Czyzewski v. Jevic Holding Corp.

Summarized by:

  • Court: United States Supreme Court
  • Area(s) of Law: Bankruptcy Law
  • Date Filed: March 22, 2017
  • Case #: 15-649
  • Judge(s)/Court Below: Breyer, J., delivered the opinion of the Court, in which Roberts, C. J., and Kennedy, Ginsburg, Sotomayor, and Kagan, JJ., joined. Thomas, J. filed a dissenting opinion, in which Alito, J., joined.
  • Full Text Opinion

When distributing an estate’s assets under a structured dismissal of the Bankruptcy Code Chapter 11, the bankruptcy court cannot deviate from basic priority rules that apply under the Code without consent of the affected creditors.

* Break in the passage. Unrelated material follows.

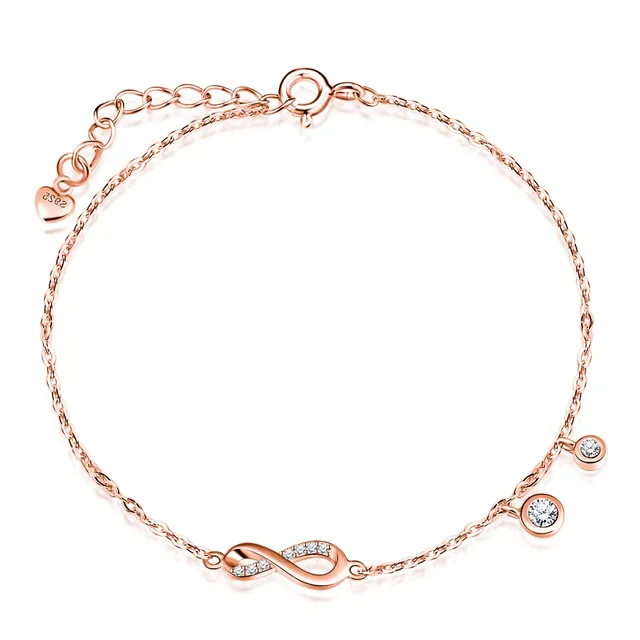 INFINIONLY Fashion Bracelets bracciale infinito oro rosa argento 925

Respondent filed for Chapter 11 bankruptcy. The Bankruptcy Court dismissed the bankruptcy and ordered a distribution of the estate’s assets. In doing so, the court gave money to high-priority secured creditors and to low-priority unsecured creditors, but skipped Petitioners and other mid-priority creditors. Chapter 11 of the Bankruptcy Code allows debtors and creditors to negotiate a plan to divide the estate’s value. If the parties do not agree on a plan, then the bankruptcy court may dismiss the case and the Code provides for a restoration of the pre-petition status quo. However, sometimes a perfect restoration of the status quo may be difficult or impossible. In that case, the Code permits the bankruptcy court to alter a Chapter 11 dismissal’s ordinary consequences for cause. This type of dismissal is called a structured dismissal. The Code also provides a basic system of priority, which governs the order that the bankruptcy court will distribute assets of the estate. However, the Code does not provide what priority rules apply in a structured dismissal. The Supreme Court held that the bankruptcy court must follow ordinary priority rules in a structured dismissal. The Bankruptcy Court did not follow ordinary priority rules when it skipped Petitioners who had mid-level priority claims. The Supreme Court explained that there is nothing in the Code which evidences an intent to make priority rules different in a structured dismissal. The Code’s rules seek to protect procedural safeguards. REVERSED and REMANDED.